Another Bell Labs innovation, using a Dual Tone Multi-frequency (DTMF) keypad in the telephone, created a new service called “Touchtone” dialing. The first touchtone keypad dialers installed in telephones for general public use were in the Greensburg and Carnegie, Pennsylvania telephone exchanges in 1963. Touchtone dialing was first demonstrated to the public at the 1962 Seattle’s World Fair.
For any history buffs out there, the first “non-public” “touch-tone system” was installed in Baltimore, Maryland, in 1941. This touch-tone system was only used by the telephone operators in the central switching office.
In 1969, the UNIX computer disk operating system was released by Bell Labs to various government and educational institutions. It was originally designed to let a large number of programmers access a computer at the same time and share its resources.
Because of this, UNIX became the operating system that helped fuel the growth of the Internet.
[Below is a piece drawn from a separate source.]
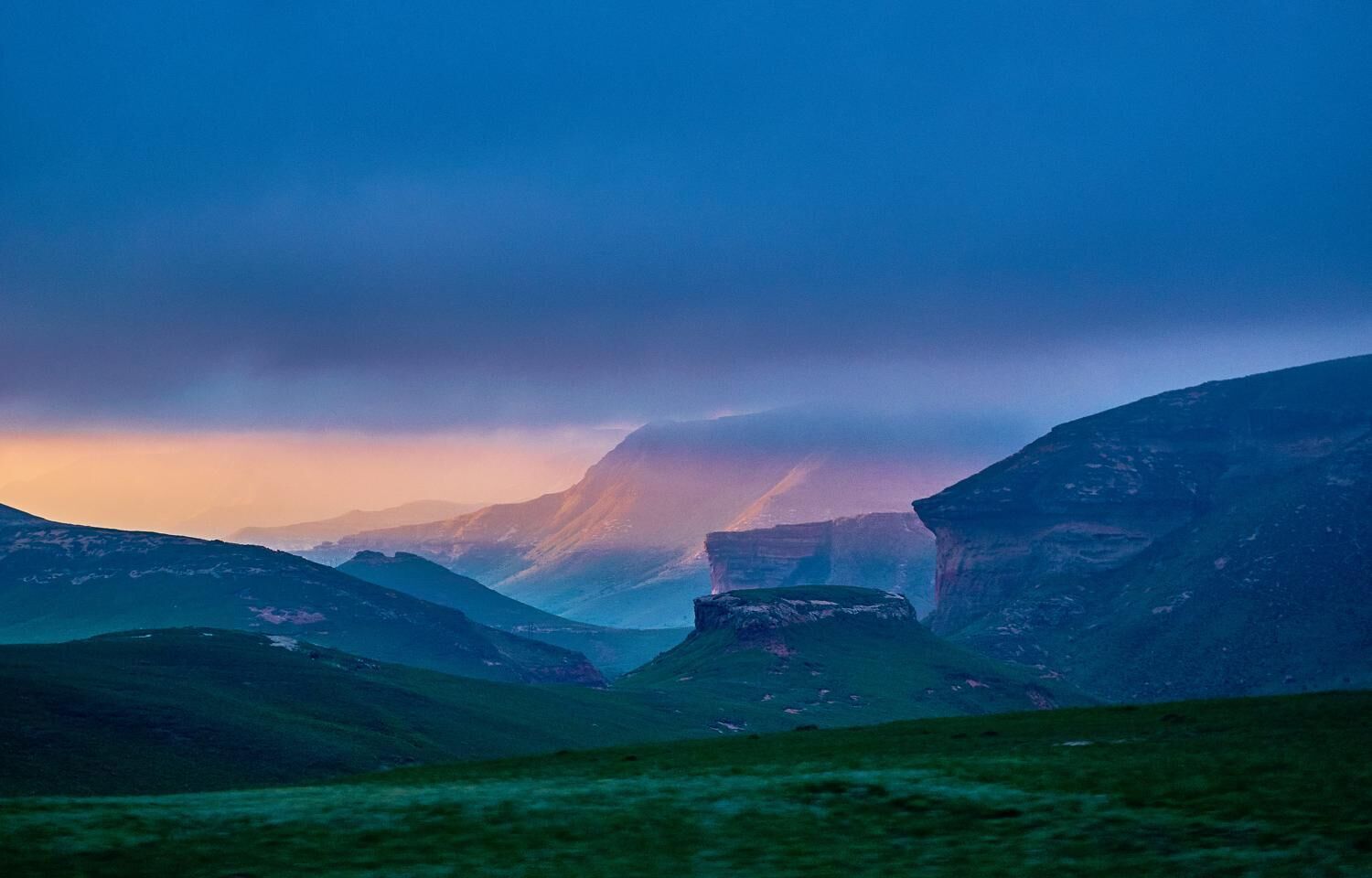 A mountainous landscape with a valley and cliffs.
The first commercial fiber optic cable was installed in Chicago by AT&T in 1977.
In 1988, AT&T placed the first fiber optic submarine telephone cable called TAT-8, across the Atlantic. It had a capacity equivalent to 40,000 calls, ten times that of the last copper cable installed. (Today’s fiber cables have capacities equivalent to over 1,000,000 calls).
The English/Spanish voice translator was born in 1989 at the AT&T Bell Labs Murray Hill facility. The first public demonstration was held in 1992.
In 2005, the first commercial Internet Protocol transmission was sent at 100 gigabits per second.
Bell Labs, once an American owned company, is today owned by a French company called Alcatel, which is based in Paris, France.
Bell Labs . . . Une histoire des inventions.